China and US in new round of strategic talks

09 Dec, 2005

The United States and China held a new round of strategic talks on Wednesday, part of a high-level effort to manage friction in increasingly complex relations.
State Department deputy spokesman Adam Ereli said the two-day meeting in Washington would cover bilateral issues as well as international topics including Iraq and Sudan and the nuclear ambitions of North Korea and Iran.
"They will be looking at a number of issues - bilateral, security-related, economic related - in a strategic context, with the aim of exploring the responsibility that both countries share to make the international system more secure and more prosperous over the long term," he said.
"They will also look to the long term, over the horizon, to the future of US and Chinese relations and what we hope that the relationship will look like," Ereli added.
The meeting between US Deputy Secretary of State Robert Zoellick and Chinese Vice Foreign Minister Dai Bingguo follows inaugural talks in Beijing in August.
Washington and Beijing cooperate in areas including counter-terrorism and six-party talks to try to end the North Korean nuclear crisis.
But they have often sparred over human rights, trade and currency disputes and China's military build-up. China's close ties with Sudan, Iran, Venezuela and other states at odds with the United States have added to the friction.
Ereli said the talks aimed "not to prescribe courses of action or specific moves" but to discuss shared responsibilities as "stakeholders" in the world system.

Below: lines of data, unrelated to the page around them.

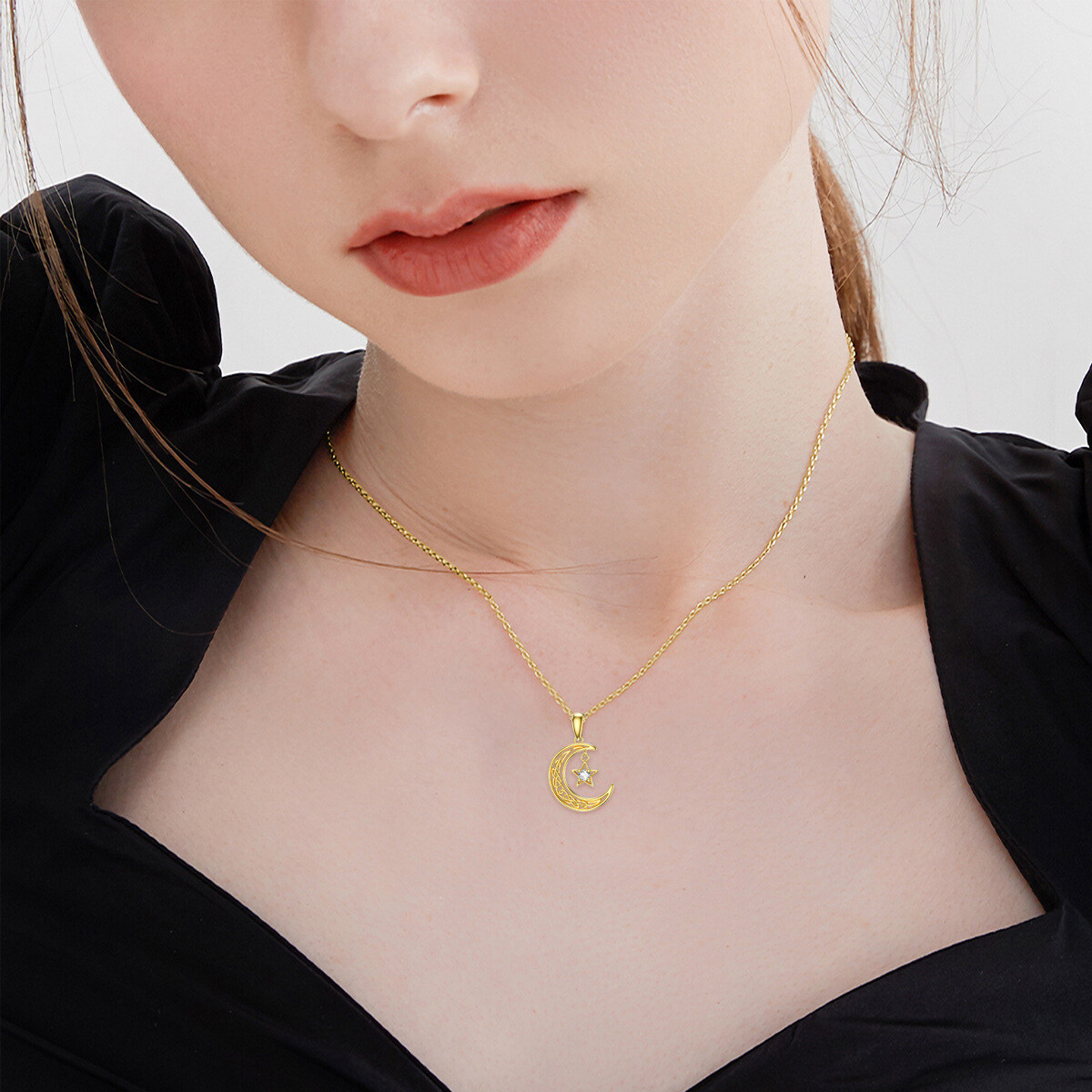 Round Crystal Moon Pendant Birthstone Necklace in Gold Vermeil-YAFEINI Personalized Jewelry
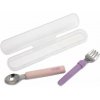 Melii Dětská vidlička a lžička s pouzdrem ružová/fialová Melii Dětská vidlička a lžička s pouzdrem ružová/fialová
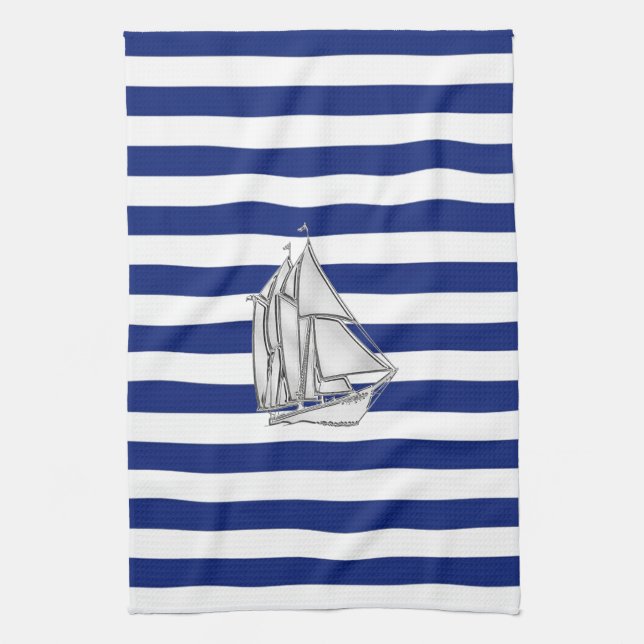 Linge De Cuisine Chrome Sailboat sur les rayures nautiques (Vertical)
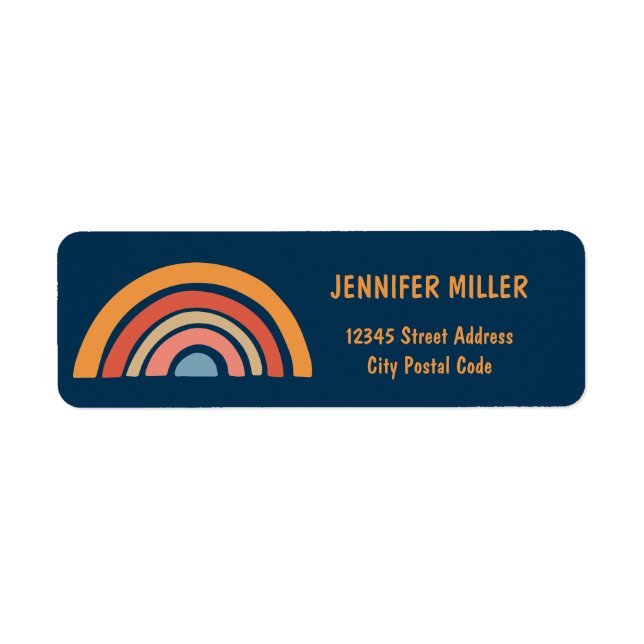 Colourful boho rainbow design return address label (Front)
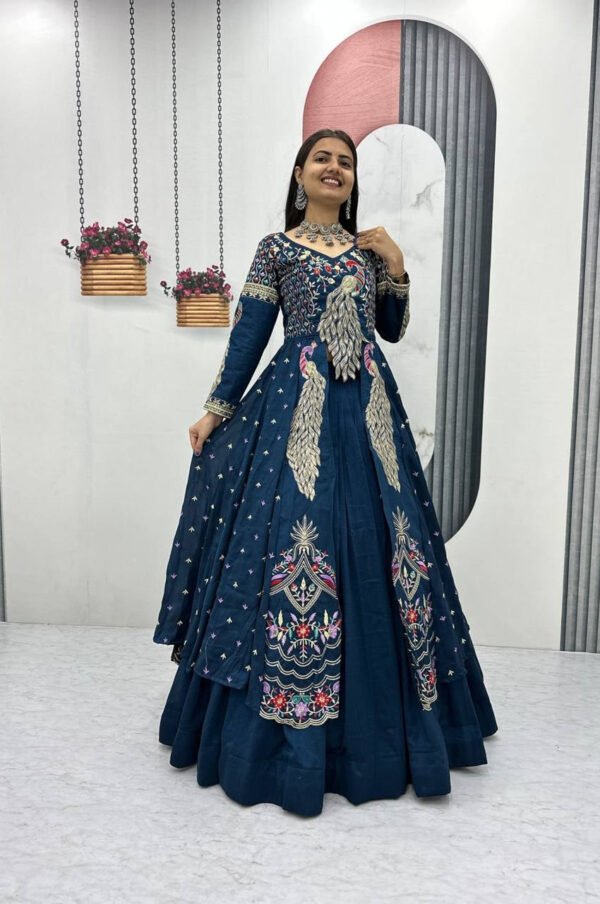 Pc-528_12.jpg Indigo Color Crop Top Lehenga with Embroidered Shrug
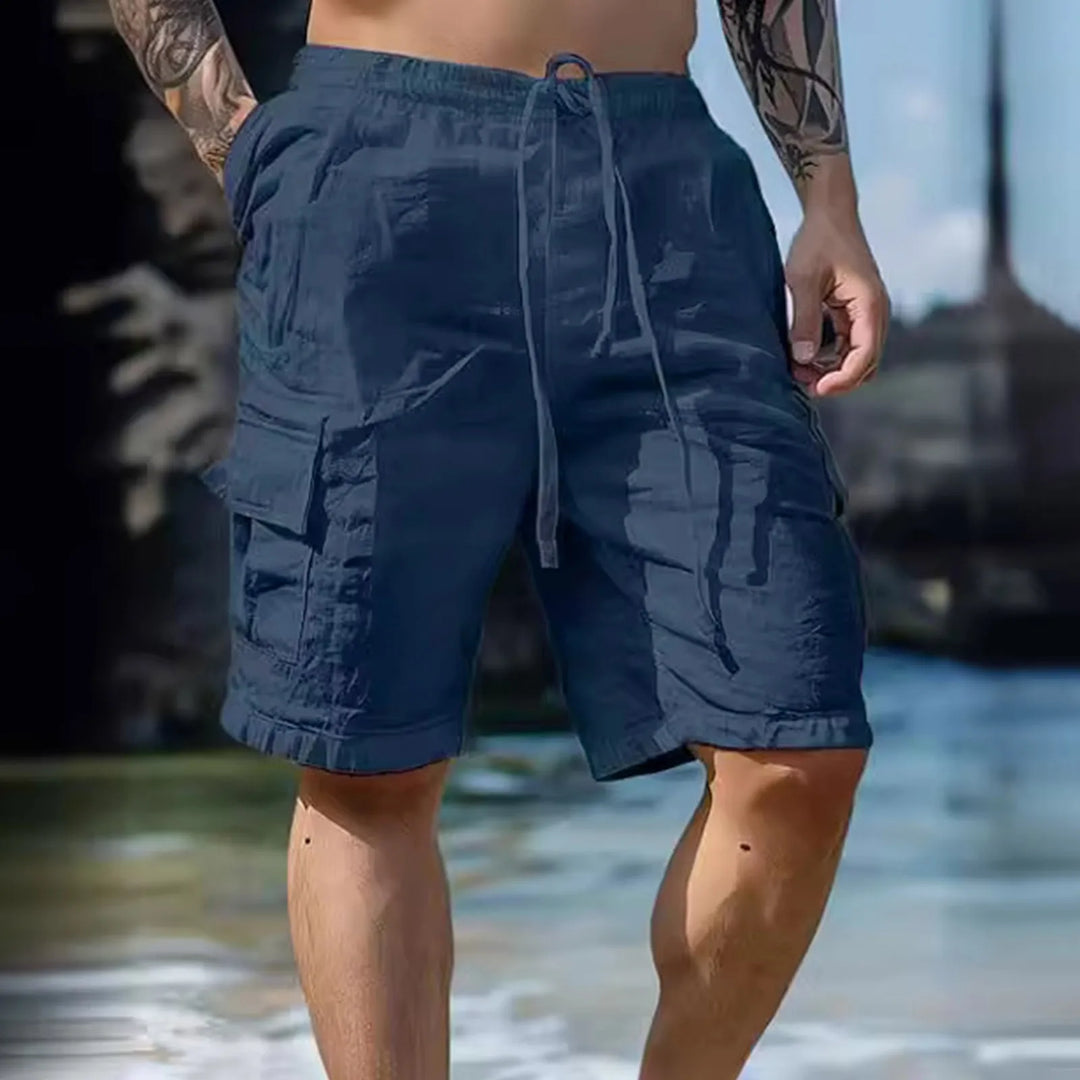 Luftige Herren Leinen-Shorts mit weitem Bein und Kordelzug – Silas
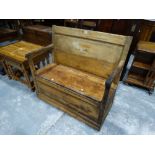 An Antique Pine Box Seat Settle 39" Across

Zoellick unveiled the phrase "responsible stakeholder" in a key policy speech in September in which he urged China to assure the world it would use its growing might responsibly.
Iran, a major energy supplier to China which is locked in an impasse with United States and Europe over its suspected nuclear weapons program, would be raised as "an example of the dangers of proliferation," Ereli said.
He said Washington would explain to Beijing "how we see China playing a positive role in that area, and how China might be willing to consider how the rest of the world sees it."